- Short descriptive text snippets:
+---+
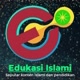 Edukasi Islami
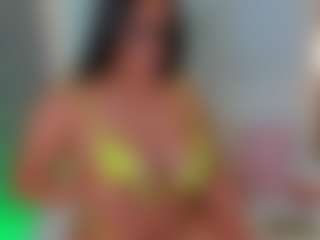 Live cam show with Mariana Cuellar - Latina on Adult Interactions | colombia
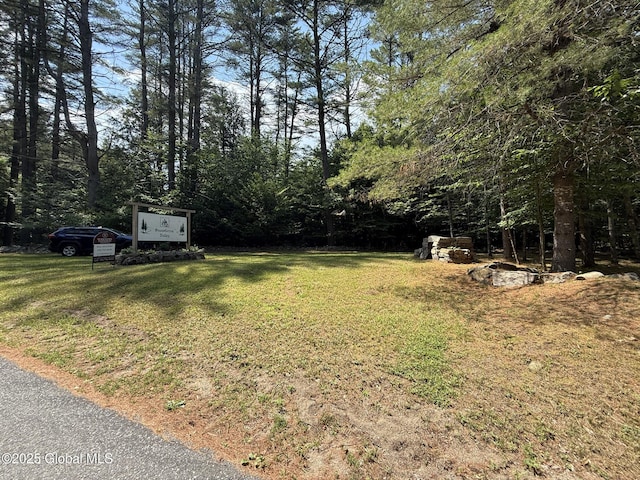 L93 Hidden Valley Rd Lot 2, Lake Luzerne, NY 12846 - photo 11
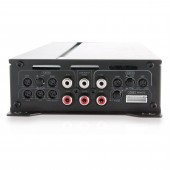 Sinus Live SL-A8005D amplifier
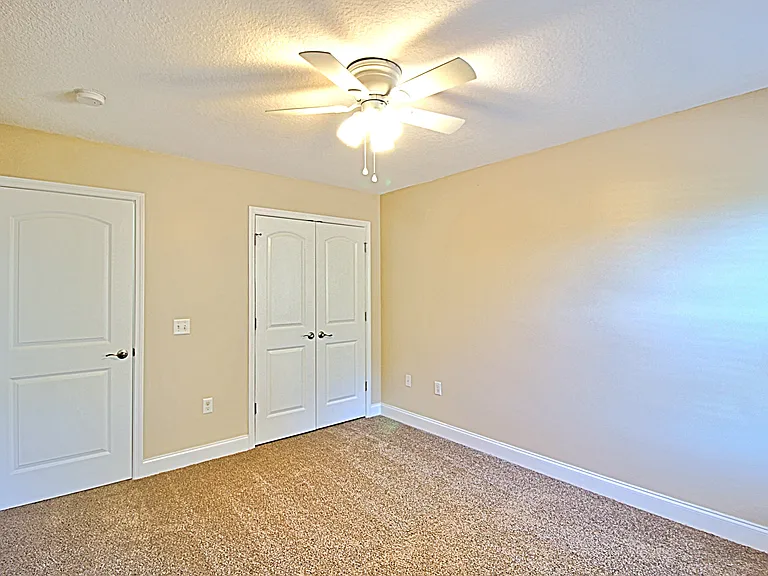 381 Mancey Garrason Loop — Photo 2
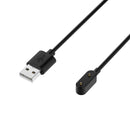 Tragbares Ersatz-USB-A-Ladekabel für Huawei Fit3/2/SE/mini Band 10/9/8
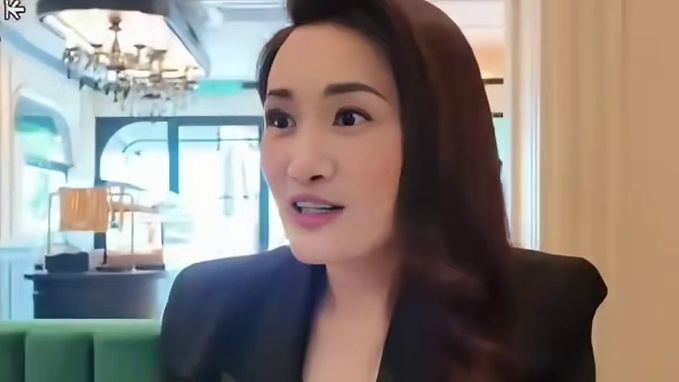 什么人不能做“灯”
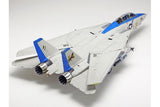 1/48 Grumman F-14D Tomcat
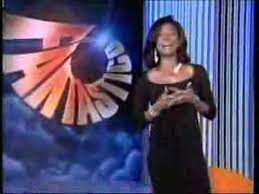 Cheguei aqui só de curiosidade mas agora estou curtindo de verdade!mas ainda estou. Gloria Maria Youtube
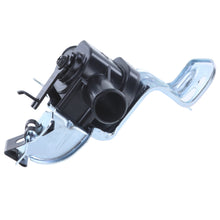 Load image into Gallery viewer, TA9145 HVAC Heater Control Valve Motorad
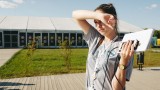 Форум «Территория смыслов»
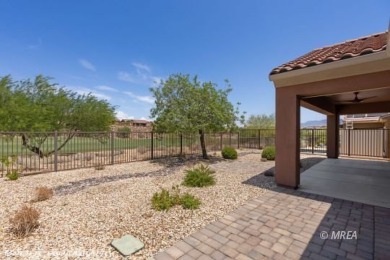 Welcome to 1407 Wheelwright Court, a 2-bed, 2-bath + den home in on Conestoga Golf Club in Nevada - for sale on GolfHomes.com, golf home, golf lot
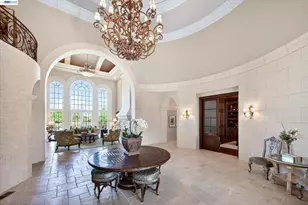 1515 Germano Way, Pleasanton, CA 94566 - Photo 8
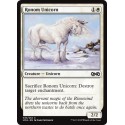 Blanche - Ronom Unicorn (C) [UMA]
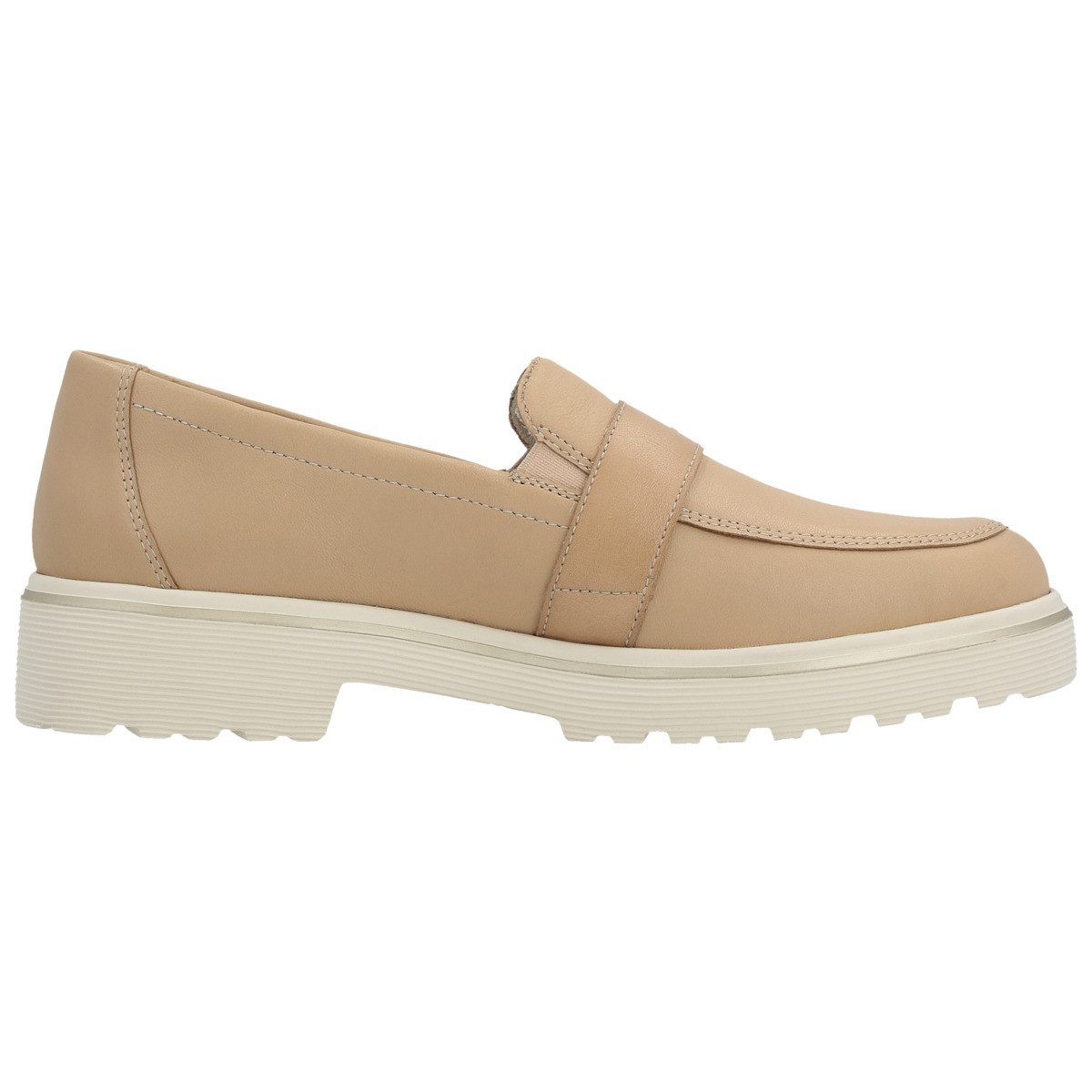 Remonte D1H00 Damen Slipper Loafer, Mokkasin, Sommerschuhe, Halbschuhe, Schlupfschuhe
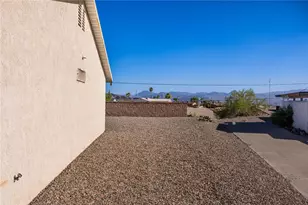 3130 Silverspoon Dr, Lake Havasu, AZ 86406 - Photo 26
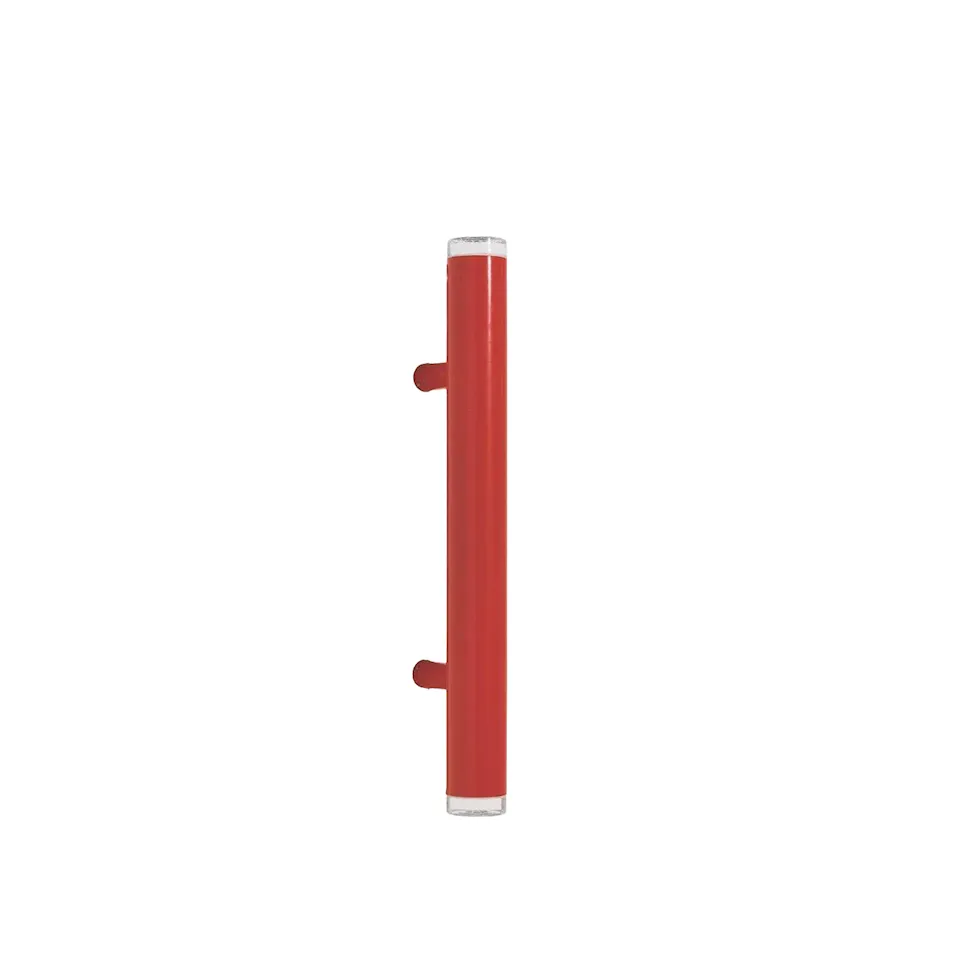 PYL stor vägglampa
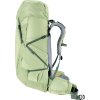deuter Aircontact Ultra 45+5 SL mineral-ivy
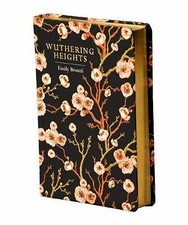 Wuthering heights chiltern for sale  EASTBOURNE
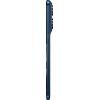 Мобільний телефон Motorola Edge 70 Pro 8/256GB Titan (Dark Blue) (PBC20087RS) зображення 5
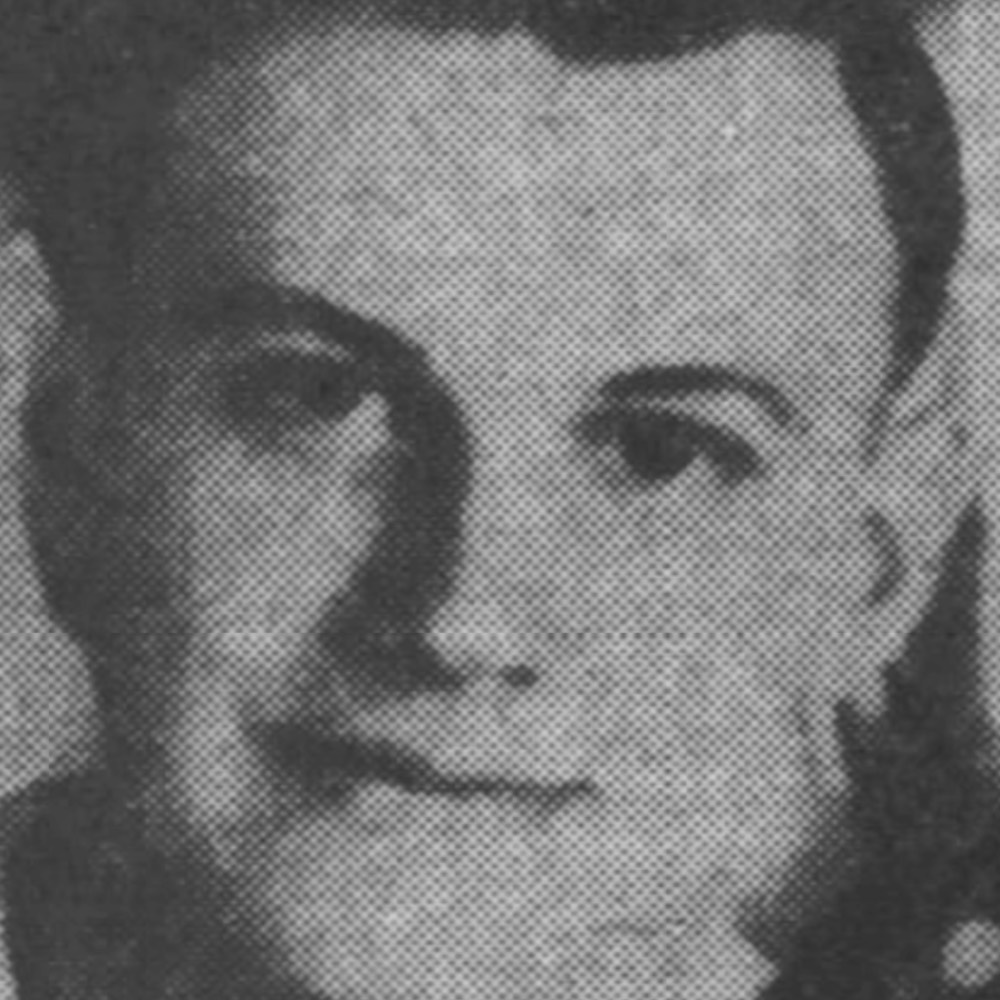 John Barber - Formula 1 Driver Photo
+---+
- EXERCISE GOAL:
Transcribe, word for word, the line holding "deuter Aircontact Ultra 45+5 SL mineral-ivy" and all lines after it in the entries above, ending with the last. Only those lines; no pictures.

- EXERCISE RESULT:
deuter Aircontact Ultra 45+5 SL mineral-ivy
 Wuthering heights chiltern for sale  EASTBOURNE
 Мобільний телефон Motorola Edge 70 Pro 8/256GB Titan (Dark Blue) (PBC20087RS) зображення 5
 John Barber - Formula 1 Driver Photo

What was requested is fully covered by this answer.